Connie Martinson Obituary, Death – Connie Martinson, a voracious reader and ardent supporter of authors, has passed away at her home in Beverly Hills. She was known for her long-running cable television show titled “Connie Martinson Talks Books,” on which she conducted interviews with thousands of authors. Martinson was 90 years old when he passed away on March 9th, peacefully. Her cable television show first aired in 1979, and by the time it went off the air in 2015, it had been watched by millions of people across the United States and Canada.
She conducted interviews with a distinguished group of authors, including a rising Barack Obama, who spoke eloquently about his then-new book, “Dreams From My Father,” in 1995. She also spoke with other prominent fiction and nonfiction authors, including Walter Mosley, Ray Bradbury, Maya Angelou, Studs Terkel, Norman Mailer, Carolyn See, Joyce Carol Oates, and Amos Oz.
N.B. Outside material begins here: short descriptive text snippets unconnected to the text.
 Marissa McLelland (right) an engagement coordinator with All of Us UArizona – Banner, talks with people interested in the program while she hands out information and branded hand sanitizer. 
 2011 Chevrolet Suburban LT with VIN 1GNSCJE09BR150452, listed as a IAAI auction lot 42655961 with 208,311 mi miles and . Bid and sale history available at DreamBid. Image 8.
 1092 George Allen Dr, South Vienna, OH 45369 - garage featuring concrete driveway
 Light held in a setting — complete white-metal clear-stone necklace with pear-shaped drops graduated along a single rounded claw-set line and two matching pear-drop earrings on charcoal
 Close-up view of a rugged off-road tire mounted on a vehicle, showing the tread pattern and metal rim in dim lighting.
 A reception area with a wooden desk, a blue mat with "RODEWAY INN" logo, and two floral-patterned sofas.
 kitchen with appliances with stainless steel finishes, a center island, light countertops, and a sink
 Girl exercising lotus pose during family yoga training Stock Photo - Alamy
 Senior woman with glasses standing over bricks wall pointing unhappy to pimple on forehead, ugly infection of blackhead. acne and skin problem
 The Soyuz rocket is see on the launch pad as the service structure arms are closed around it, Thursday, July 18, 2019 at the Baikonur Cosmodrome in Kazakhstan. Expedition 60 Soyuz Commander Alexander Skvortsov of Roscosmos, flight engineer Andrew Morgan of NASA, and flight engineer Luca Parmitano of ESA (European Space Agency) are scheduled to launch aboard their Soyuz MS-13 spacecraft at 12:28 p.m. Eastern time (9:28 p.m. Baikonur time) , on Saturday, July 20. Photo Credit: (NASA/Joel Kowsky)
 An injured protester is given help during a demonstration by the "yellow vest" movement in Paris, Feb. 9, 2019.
Her roster of interviewees is impressive. “Connie Martinson was an essential part of the literary life of this city,” said author Janet Fitch, whose novel “White Oleander” was a best-seller, an Oprah’s Book Club selection, and was adapted into a movie.
Fitch is the author of the novel “White Oleander,” which was a selection of Oprah’s Book Club. “She was an excellent interviewer, and she read your work with a lot of attention and consideration. She possessed remarkable clarity and insight, and she was able to zero in on what was essential at any given moment. The vivacity of her face and eyes exuded a certain calming quality to everybody who looked at them. You were able to observe the spark of pleasure that she experienced both from reading and from talking about reading. She was the kind of lady that you would want to have a conversation with at a cocktail party or a dinner.
After Martinson gave the tapes to the Claremont Colleges Digital Library in 2008, about two thousand of her interviews have been digitized and made available online there. There are now 1,801 items in the Connie Martinson Talks Books Collection that have been digitized and made available in the online library.